(Image-caption web data)
○ ○ ○ ○ ○
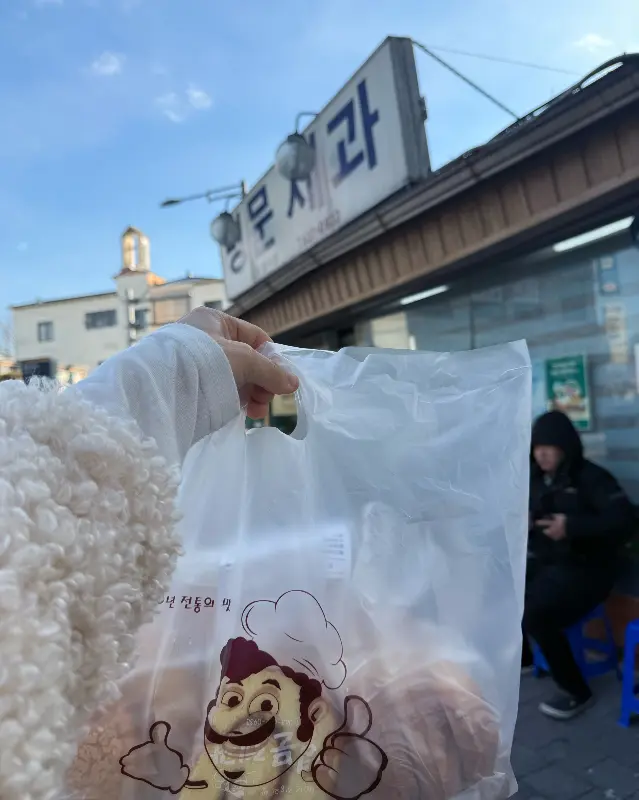 빵 봉투를 들고 있는 모습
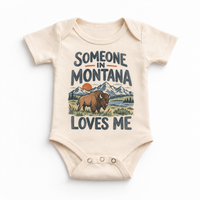Someone in Montana Loves Me design on a natural beige baby bodysuit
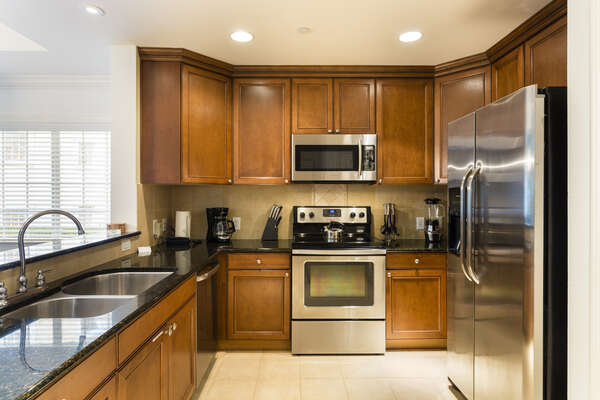Beautiful granite counter tops line the kitchen and surround the stainless steel appliances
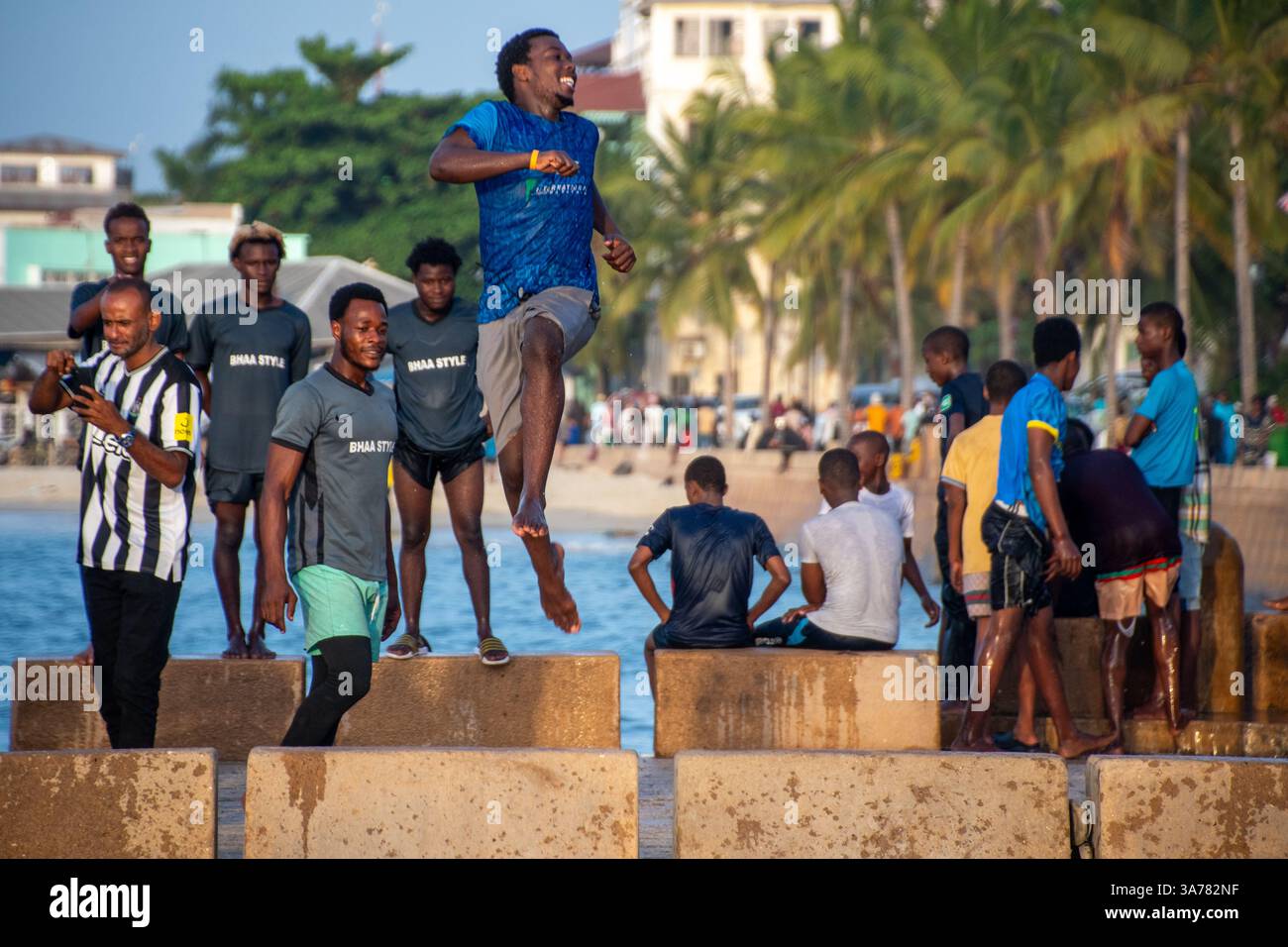I giovani si tuffano con gioia da un molo di pietra nell'oceano di Zanzibar, Tanzania Foto Stock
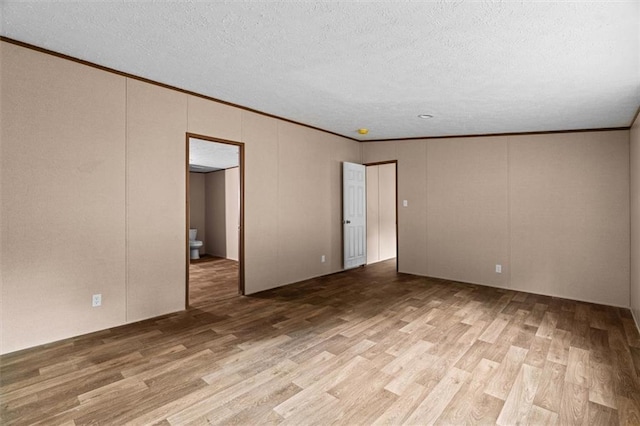 211 Fire Tower Rd NE, Calhoun, GA 30701 - spare room with wood finished floors, crown molding, and a textured ceiling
○ ○ ○ ○ ○
EXERCISE OBJECTIVE
The copy you write must hold every record verbatim and none of the pictures.

RESPONSE BOX
 빵 봉투를 들고 있는 모습
Someone in Montana Loves Me design on a natural beige baby bodysuit
Beautiful granite counter tops line the kitchen and surround the stainless steel appliances
I giovani si tuffano con gioia da un molo di pietra nell'oceano di Zanzibar, Tanzania Foto Stock
 211 Fire Tower Rd NE, Calhoun, GA 30701 - spare room with wood finished floors, crown molding, and a textured ceiling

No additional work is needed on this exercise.